How to complete this task
Repeat all entries word for word; skip images.

Record extracts
========
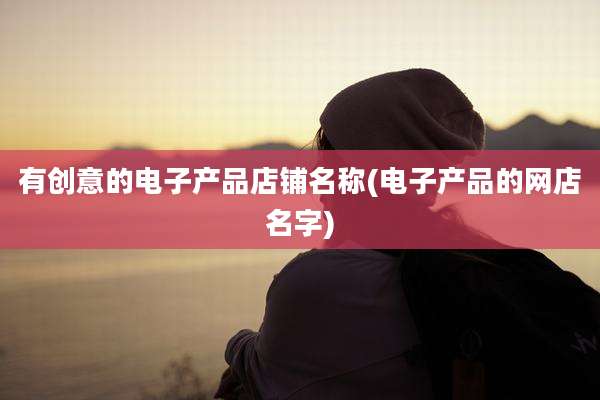 有创意的电子产品店铺名称(电子产品的网店名字)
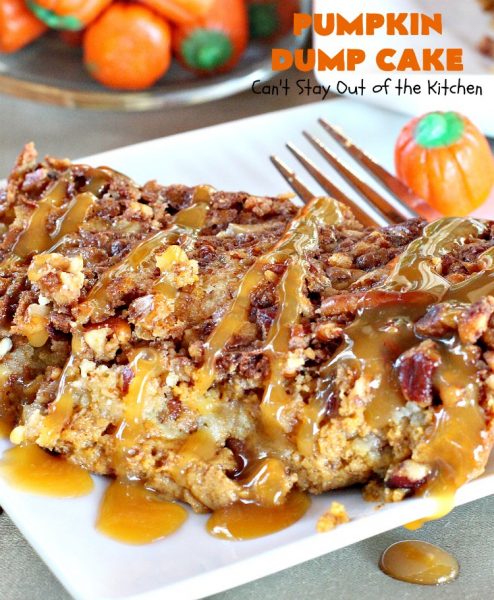 Pumpkin Dump Cake | Can't Stay Out of the Kitchen | this fantastic #dumpcake is made with #pumpkin #pecans & #HeathEnglishToffeeBits. Amazing #dessert is wonderful for fall #baking.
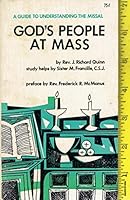 GOD'S PEOPLE AT MASS: A Guide to Understanding the Missal. B000O7462C Book Cover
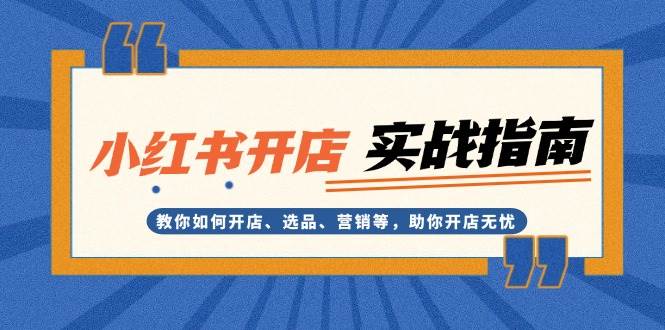 小红书开店实战指南：教你如何开店、选品、营销等，助你开店无忧跨境课程-外贸教程-精品网课-电商运营课库课堂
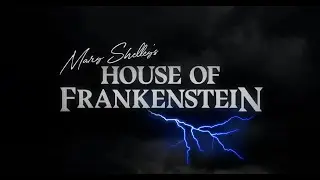 Mary Shelly's House of Frankenstein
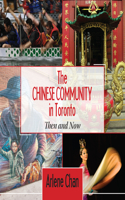 The Chinese Community in Toronto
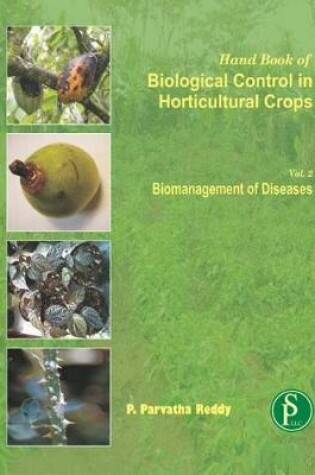 Cover of Hand Book of Biological Control in Horticultural Crops (Biomanagement of Diseases)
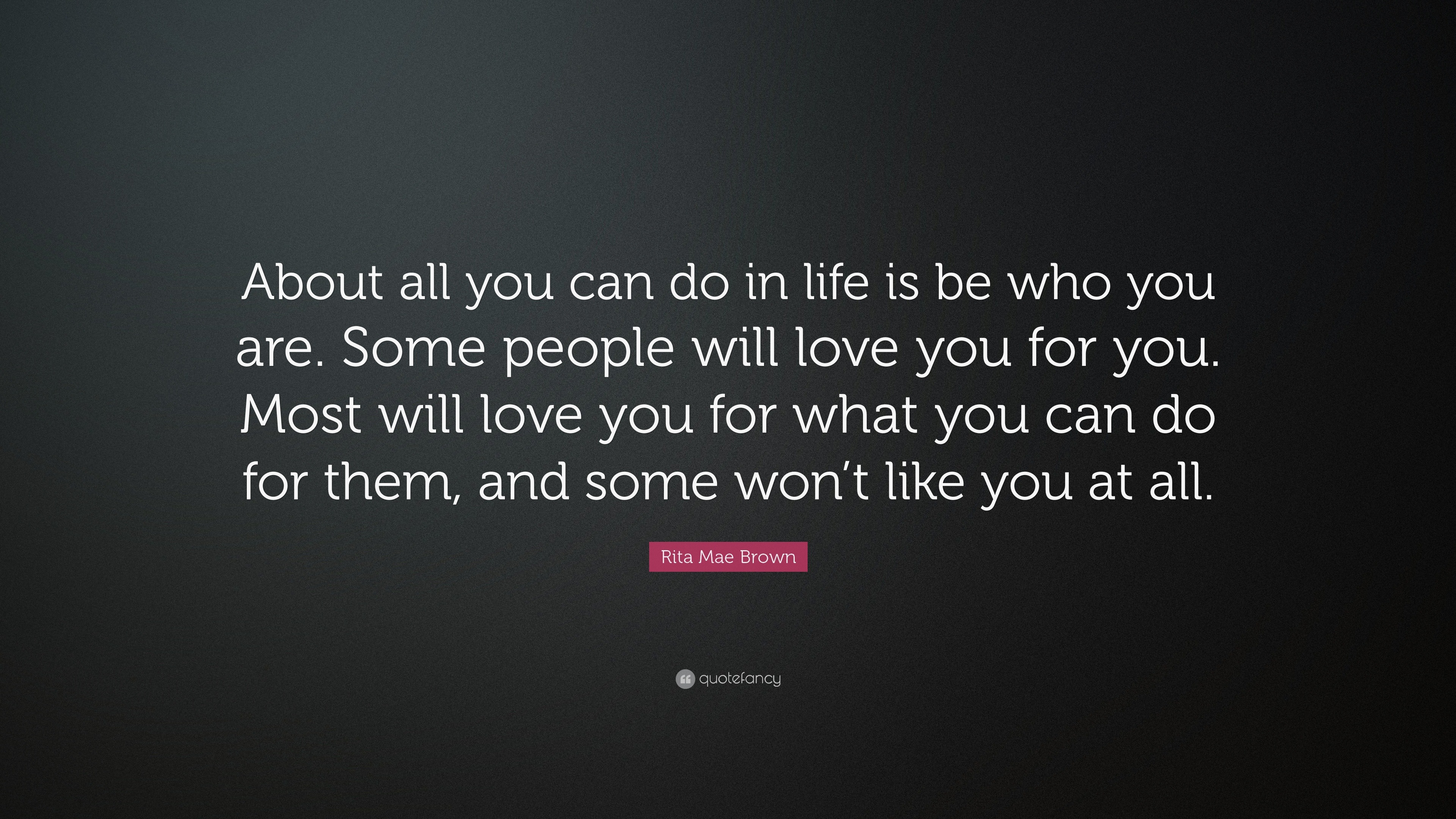 Rita Mae Brown Quote: “About all you can do in life is be who you are ...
========
Answer space
 有创意的电子产品店铺名称(电子产品的网店名字)
 Pumpkin Dump Cake | Can't Stay Out of the Kitchen | this fantastic #dumpcake is made with #pumpkin #pecans & #HeathEnglishToffeeBits. Amazing #dessert is wonderful for fall #baking.
 GOD'S PEOPLE AT MASS: A Guide to Understanding the Missal. B000O7462C Book Cover
 小红书开店实战指南：教你如何开店、选品、营销等，助你开店无忧跨境课程-外贸教程-精品网课-电商运营课库课堂
 Mary Shelly's House of Frankenstein
 The Chinese Community in Toronto
 Cover of Hand Book of Biological Control in Horticultural Crops (Biomanagement of Diseases)
 Rita Mae Brown Quote: “About all you can do in life is be who you are ...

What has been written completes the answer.